In remarks to reporters on Tuesday afternoon, Trump said he’s always looking at tax cuts, but was quick to insist that the economy doesn’t need them. “[The US] is very far from a recession”, he said. And he’s probably right, which makes one wonder why he’s so obviously concerned. Even if you take the yield curve to be an infallible indicator, history shows the recession still won’t show up until after the election.
In any event, there’s another reason to think Trump probably wouldn’t go for a payroll tax cut – namely, it’s not likely to garner enough publicity. “President Obama didn’t get credit for several tax cuts including a temporary reduction in the payroll tax”, Bloomberg recalls, on the way to quoting Dean Baker, a senior economist at the Center for Economic and Policy Research, who suggested that Obama would have been better off just sending checks in the mail as W. did. Of course, it could be that Obama was more interested in helping people than publicity, but we’ll just leave that for now.
For what it’s worth, Obama’s payroll tax cuts did help families. “The median household income in 2009 was $49,777 [so] lowering the tax rate by 2% reduced the tax burden for the median family by $996”, Politifact wrote of Obama’s cuts in 2011. “As for mean household income, it was $67,976, meaning that the 2% payroll tax cut would have left $1,360 extra in the pockets of the average family”.

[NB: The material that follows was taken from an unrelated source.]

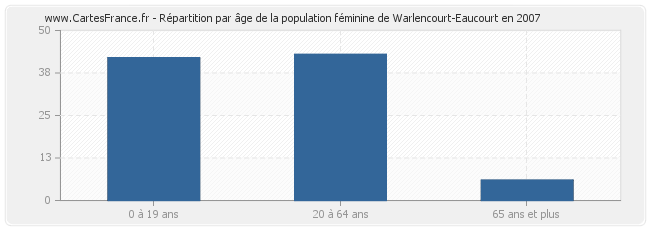 Répartition par âge de la population féminine de Warlencourt-Eaucourt en 2007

Trump, though, is more interested in “big league” numbers, like the billion or so he and his family are rumored to have saved thanks to the tax cut he crammed through in 2017.
That’s why it comes as no surprise that, during the same remarks to reporters on Tuesday, he brought up indexing capital gains to inflation again.
“We’ve been talking about indexing for a long time”, the president said.
It’s true, he has. And we’ve covered it every, single time it’s come up, including less than two months ago, when reports suggested the administration was once again looking to move ahead with the idea, even if it meant going around Congress.
As a reminder, the indexing idea would effectively amount to a $100 billion windfall for the wealthy, and the notion of doing it without the approval of lawmakers is something the late H.W. Bush considered, but ultimately scrapped when the Treasury Department advised the White House that redefining ‘cost’ by regulatory fiat was probably illegal.
Illegal, maybe, but that’s never stopped Trump before, which means when it comes to what kinds of tax cuts you might expect to get from the administration if the president becomes really worried about the economy, indexing capital gains to inflation would check a lot of boxes: Trump wouldn’t necessarily need Congress, the move would disproportionately benefit the wealthy and Republicans would love it. (Stephen Moore and Larry Kudlow both support the idea.)
“Many people like indexing and it could be done very simply”, Trump reminded everyone on Tuesday. “It could be done directly by me”.